Foreign Minister of Greenland
- In office 25 April 2017 – 2018
- Preceded by: Vittus Qujaukitsoq
- Succeeded by: Vivian Motzfeldt

Minister of Independence and Agriculture
- In office November 2016 – 2018

Member of the Inatsisartut
- Incumbent
- Assumed office 2014 - 2018

Personal details
- Born: 18 July 1965 Narsaq, Greenland
- Died: 21 July 2020 (aged 55)
- Party: Siumut
- Children: Katti Frederiksen

= Suka K. Frederiksen =

Greenlandic politician (1965–2020)

Suka K. Frederiksen (18 July 1965 – 21 July 2020) was a Greenlandic politician.
Frederiksen was a member of the Inatsisartut (2014 to 2018) and had held the position of Minister of Independence and Agriculture (2016 to 2018) and Foreign Affairs (2017 to 2018).

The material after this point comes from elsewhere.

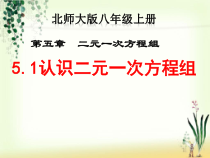 八年级上册数学北师大版（课件8份可预览）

==Early life and education==
Frederiksen was born on 18 July 1965 in Narsaq, Greenland. From 2007 to 2010, she completed a management diploma and a bachelor of commerce.

==Career==
In 1986, Frederiksen started her career as an office clerk and worked for HK Commercial. She spent the next five years at a sheep farm before working briefly at a grocery store in Greenland. In 1994, Frederiksen started a ten-year position as a principal for Narsaq before moving on and held managerial positions in Kujalleq Municipality.

Frederiksen started her career in politics as a city councilor for Narsaq Municipality in 2005. After her position ended in 2009, her next political position came in 2014 when she was elected to the Inatsisartut. During her time at the Inatsisartut, she became the first Minister of Independence for Greenland in 2016. As Minister of Independence, Frederiksen led a committee that began drafting a constitution for Greenland on the basis of a potential independence.

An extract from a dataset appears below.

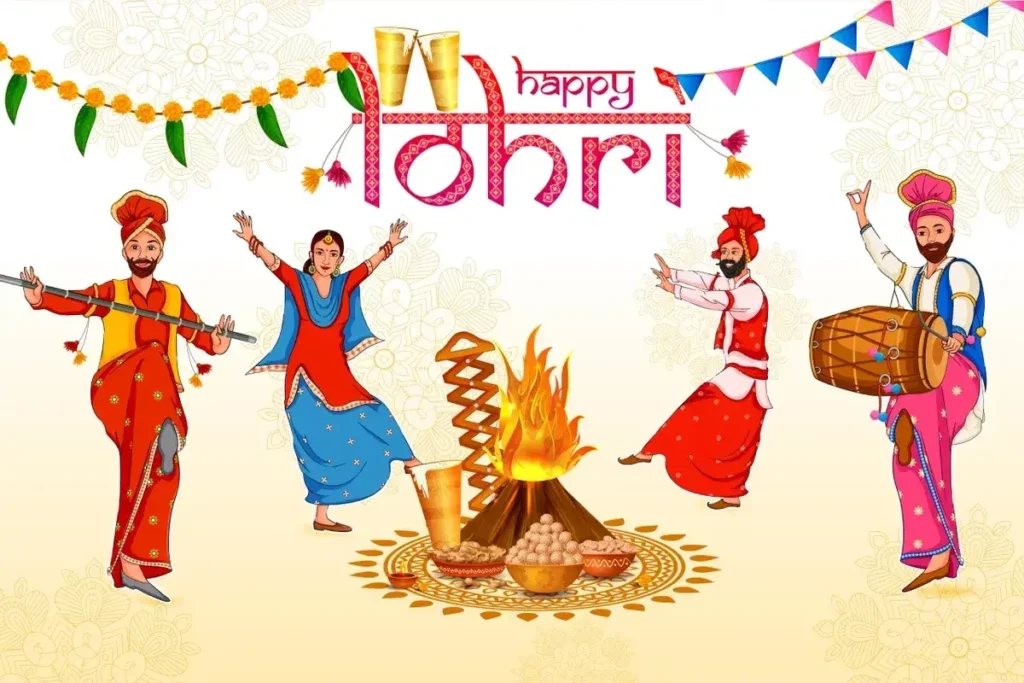 Lohri Wishes 2024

In 2017, Frederiksen was named Foreign Minister of Greenland after Vittus Qujaukitsoq resigned and became in charge of international relations between Greenland and Denmark. During her term as Foreign Minister, Frederiksen declared that a prior complaint by Qujaukitsoq to the United Nations was retracted and that the complaint was made by him alone.

==Death==
Frederiksen died on 21 July 2020, at the age of 55, following a long illness.